01.30.18 | Faith | by John A. Dunne

    When I first heard of the Sacred Pathways a few weeks ago, I was very intrigued. I hadn’t read the book by Gary Thomas before, nor had I ever heard anyone talk about these Sacred Pathways for describing how they connect with God. The main reason why my attention was grabbed was because of my fascination with personality types and various personality tests. I’ve always believed that the place where we need to start is with the famous principle, “Know Thyself.” Yet somehow it never occurred to me that a similar breakdown of “personality types” could exist for worshipping God. After reflecting on these Sacred Pathways though, it has helped me put a name to my own version of spirituality and spiritual inclinations.

    As I mentioned, I’ve found the standard personality tests to be incredibly illuminating for understanding how I’m wired, why I am drawn to the things I’m drawn to, what makes me tick, why certain patterns have emerged in my life, etc.

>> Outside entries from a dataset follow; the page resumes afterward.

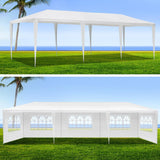 NNEDSZ Gazebo 3x9m Marquee Wedding Party Tent Outdoor Camping Side Wall Canopy 5 Panel White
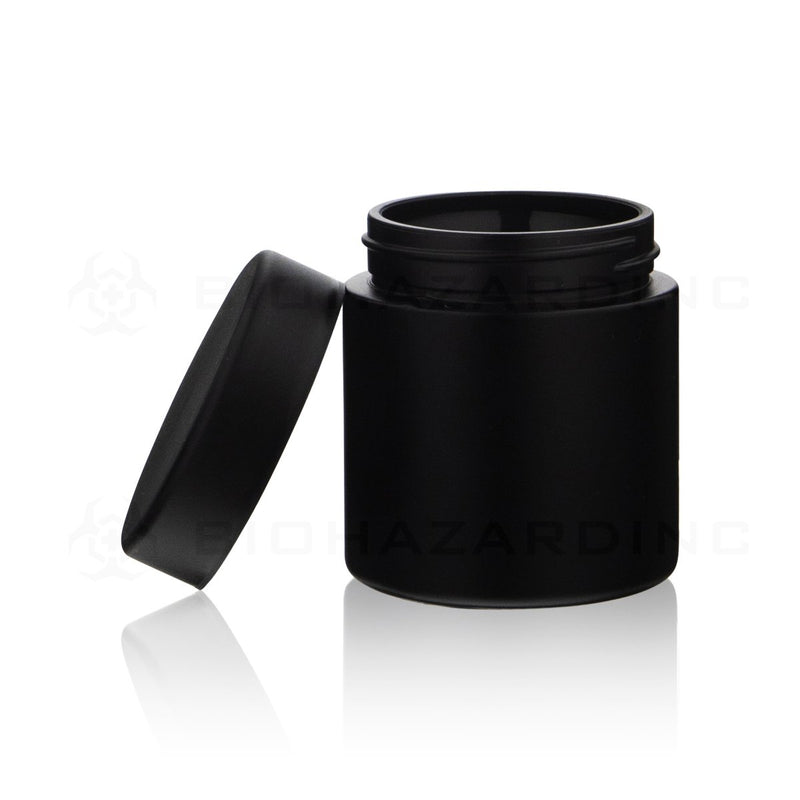 3 oz Matte Black Glass Jars | Black Child Resistant Caps Included | 150 Count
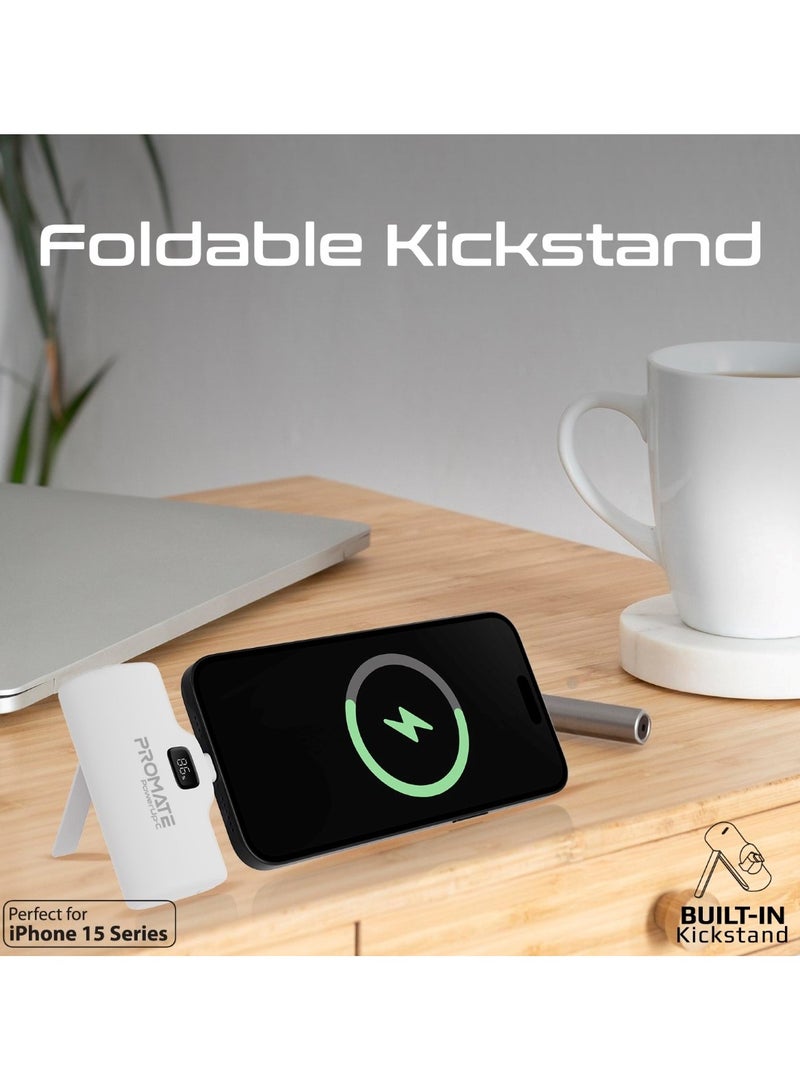 PROMATE - 5000 mAh 5000 mAh Power Bank, Ultra-Compact Portable Charger With Built-In 20W Foldable USB-C Connecter, 20W USB-C Power Delivery Port, LED Screen And Foldable Kickstand For iPhone 16, Galaxy S25, PowerUp-C - White - Image 1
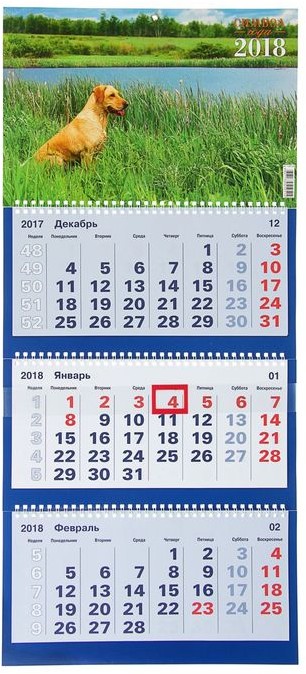 Календарь 2018 (квартальный, трио, А2) | Символ года 2018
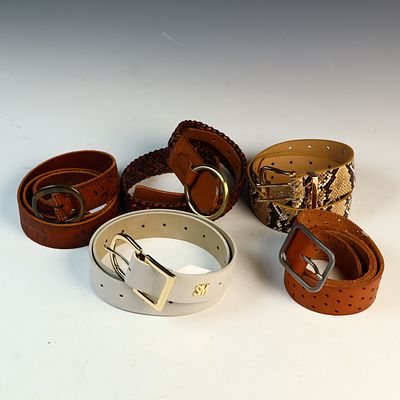 Five Ladies Fashion Belts Including Steve Madden and Ostrich Style. This lot consists of five 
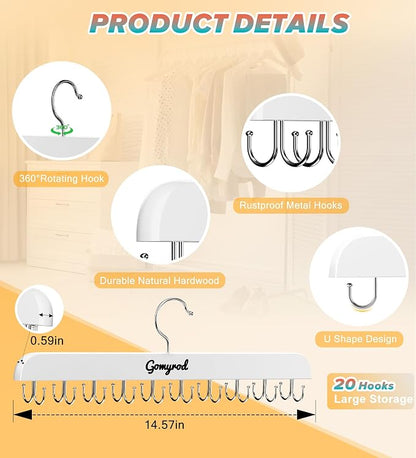 Gomyrod Bra Hanger for Closet, 2 Pack Tank Top Hanger w/20 Hooks Capacity Foldable Wood Space Saving Hangers, 360°Rotating Closet Organizers and Storage for Dorm & Apartment for Bra Scarf Ties(White)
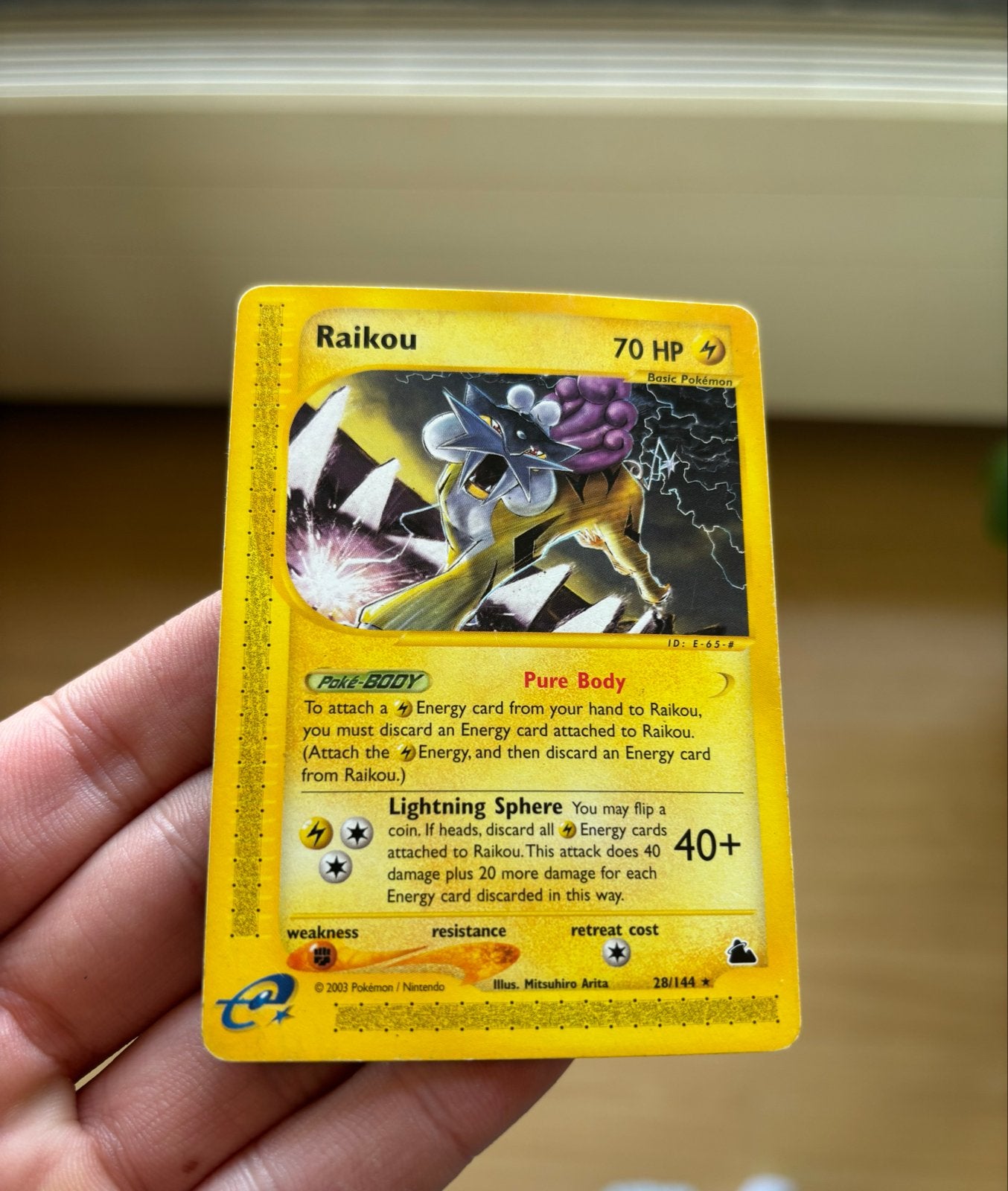Pokémon Kaart Raikou 28/144 Skyridge, Ophalen of Verzenden, Zo goed als nieuw, Losse kaart, Foil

I am an ENFJ, an Enneagram 7 (with a 6 wing), and a proud member of Ravenclaw House. On the Strengths Finder, my top five are Achiever, Woo, Input, Learner, and Intellection. With each of these, I’ve gained a greater sense of clarity about who I am and who God has made me to be. It’s been freeing and illuminating to dive into these personality studies and to reflect on my life in light of them, and I believe the same is true when it comes to spirituality.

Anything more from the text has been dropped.